Acontece que, certo dia, estava eu aqui passeando pela minha reduzida biblioteca pessoal e me deparei com um livro dele: “Paulo Leminski — Ensaios e Anseios Crípticos”. Era de uma coleção do Polo Editorial do Paraná, que ganhei não lembro exatamente de quem e nem em qual circunstância. A descrição dizia “aqui está o melhor do seu pensamento”. Li as primeiras páginas como quem experimenta um alimento diferente pela primeira vez. Com aquela desconfiança que os curitibanos têm com o mundo que o cerca e, especialmente com outros curitibanos.
“A escrita vai ocupar um lugar, um tempo e um espaço cada vez maiores”. Ele disse em determinado momento. Poxa, Leminski, quem me dera o futuro fosse assim como seus olhos enxergavam. Mas a realidade do futuro é: escuto todos os dias que devia escrever menos, que devia fazer textos menores, porque, sejamos francos, ninguém lê. Textos pílulas, que seriam doses diárias para quem quer dizer que leu alguma coisa. Os avisos são de pessoas preocupadas, mas desavisadas de que o que motiva um escritor é escrever. Não sabem que, por melhor que sejam as intenções, são facadas na alma. Despedaçam corações que batem com palavras.

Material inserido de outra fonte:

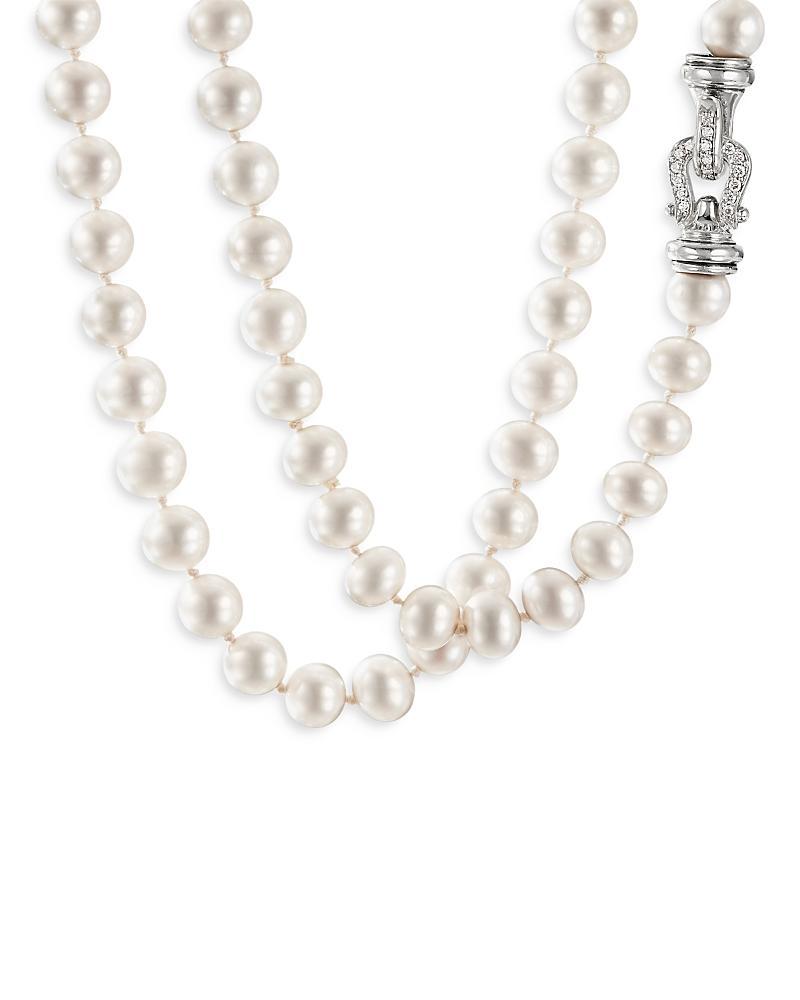 Womens Sterling Silver & White Cultured Freshwater Pearl Necklace With Diamonds Product Image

“Muito significativo que a leitura já comece sob o signo da morte”. Muito significativo mesmo, Paulo, obrigada. Em tempos em que os jornais estão morrendo, enquanto plantam bananeiras e fazem piruetas para manter o leitor interessado, em meio a expressões soltas para aumentar o ranqueamento no Google. Ah, Leminski, com a sua genialidade você talvez inventasse um jeito leminskiano de passar com sua prancha de palavras por essa onda de morte anunciada.
Pessoalmente, acho que o problema está na mania de achar que podem enfiar textos goela abaixo. Um resquício da escola em que todo mundo era ensinado que ler é chato. Onde os clássicos são recomendados como remédios salva-vidas. Onde se esquece que a justa medida da leitura é aquela que vai se crescendo aos poucos como escada. Muito me preocupa uma sociedade que não conhece o prazer de ler. Esse prazer que é um respiro em um mundo consumista que corre contra o relógio. Leitura não é remédio. É um alimento que cabe a cada um achar o que lhe apetece. Junk food ou saudável? Carnívora ou vegetariana? Gordurosa ou light?
A verdade é que ninguém chega ao mundo comendo caviar. E, caro leitor, verdade seja dita. Se em algum momento o texto não lhe prendeu, não lhe instigou, não lhe deu resquícios de continuar, não leia. Feche o livro, a página, o site e abra outro em seguida. O jogo escritor-leitor é justamente esse. Uma dança, uma conquista romântica, um swing de interesses. Não deu match? Siga em frente. E de vez em quando, volte aos clássicos, não por obrigação, por curiosidade mesmo. Rebeldia. No jogo de desafiar Leminski, Lobato, Verissimo, Lispector, Hist, Fagundes Telles, Meireles, Woolf, Austen, Baudelaire, Dostoiévski, Bradbury.
Enquanto escrevia esse texto, a ortografia me dizia que Leminski estava errado. A solução? Adicionei no dicionário.